Je me permets de signaler à votre commission, mais aussi à la commission des finances du Sénat, des travaux qui mériteraient d'être lancés : sur la protection juridique des majeurs vulnérables ou incapables, par exemple. La loi de 2007 portant réforme de la protection juridique des majeurs s'applique mal. Aujourd'hui, 850 000 majeurs sont couverts par les procédures de curatelle ou de tutelle. En réalité, ce sont 1,5 million de personnes qui devraient l'être, les familles se substituant aux procédures en vigueur. Les dossiers s'accumulent sur les bureaux des juges : il y a un véritable embouteillage. Il me semble que ce serait un sujet qui mériterait d'être abordé, dans la campagne présidentielle par exemple.

Autre sujet : la situation des femmes handicapées dans l'entreprise. Elles sont, pour ainsi dire, deux fois discriminées.

Nous avons également mené un travail sur les discriminations à l'embauche à raison de l'origine, du lieu d'habitation, etc.
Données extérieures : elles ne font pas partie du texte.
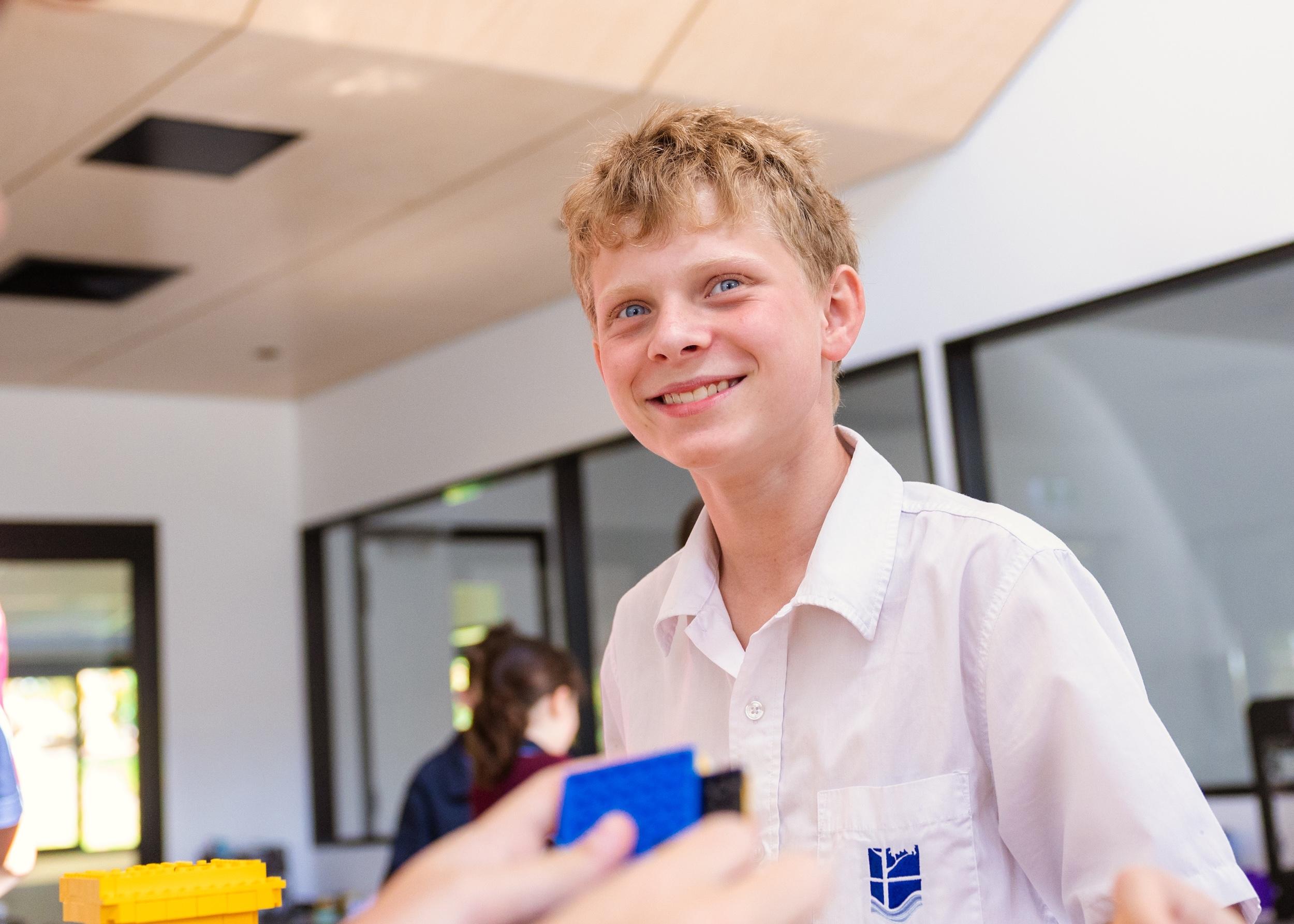 A student at Medowie Christian School smiling during a classroom activity, highlighting the welcoming community.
Nous avons recueilli 750 témoignages, qui illustrent une situation réellement prégnante, contre laquelle nous n'avons pas suffisamment agi depuis dix ans.

Nous privilégions toujours, dans nos travaux, le recours au règlement amiable. Dans 70 % à 80 % des cas, un accord est trouvé entre le réclamant et le mis en cause.
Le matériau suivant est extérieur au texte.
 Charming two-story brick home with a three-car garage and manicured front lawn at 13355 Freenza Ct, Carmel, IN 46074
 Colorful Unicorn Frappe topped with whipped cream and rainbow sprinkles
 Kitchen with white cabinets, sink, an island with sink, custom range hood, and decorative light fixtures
Je parlais il y a un instant des observations que nous présentons à la justice : 119 en 2016. Avec deux résultats spectaculaires : la cour d'appel de Paris et la chambre criminelle de la Cour de cassation ont suivi nos observations en demandant à l'État d'indemniser trois des treize personnes ayant saisi la justice dans une affaire de contrôle d'identité. Nous avons également contribué à ce qu'un cadre de la BNP obtienne 600 000 euros d'indemnisation pour avoir été maltraité du jour où il avait déclaré son homosexualité.

Nous comptons aujourd'hui 27 conventions, signées avec 27 cours d'appel. Nous continuons à en signer. En tout état de cause, l'article 33 de la loi organique du 29 mars 2011 s'applique très bien.
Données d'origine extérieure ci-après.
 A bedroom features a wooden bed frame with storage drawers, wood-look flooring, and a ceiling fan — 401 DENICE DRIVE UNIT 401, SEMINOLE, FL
Pour ce qui est de notre travail avec le Parlement, le Défenseur des droits a été auditionné à 27 reprises par les deux chambres l'année dernière. Nous avons rendu 21 avis, et 28 des propositions de réformes que nous avons formulées ont été satisfaites : dans la loi de modernisation de la justice du XXIe siècle, par exemple, la loi relative à l'égalité et à la citoyenneté, et j'en passe.

Un dernier point pour terminer. Nous gagnerions à être mieux entendus pour ce qui est des rapports entre la police et la population. Dès l'automne 2012, Dominique Baudis avait travaillé sur la question de la traçabilité des contrôles identité. Il avait proposé la mise en place d'une attestation nominative enregistrée pour la personne, avec un double anonyme. Bien des situations détestables pour la cohésion sociale, dont le drame de l'affaire Théo, auraient pu être évitées.

Les policiers sont des « gardiens de la paix ». Le nom n'est pas innocent. Il faut trouver ce chemin de dialogue avec la population. La police républicaine est la police de l'égalité. Aujourd'hui, nous vivons la rencontre du serpent et de la mangouste : chacun reste campé sur sa position. Il faut savoir se parler, se mettre autour d'une table : il y a des solutions. L'affaire Théo, ce n'est pas un fait divers, c'est un fait de société. Le Sénat, qui est une assemblée stable, devrait être à l'avant-garde sur ces sujets.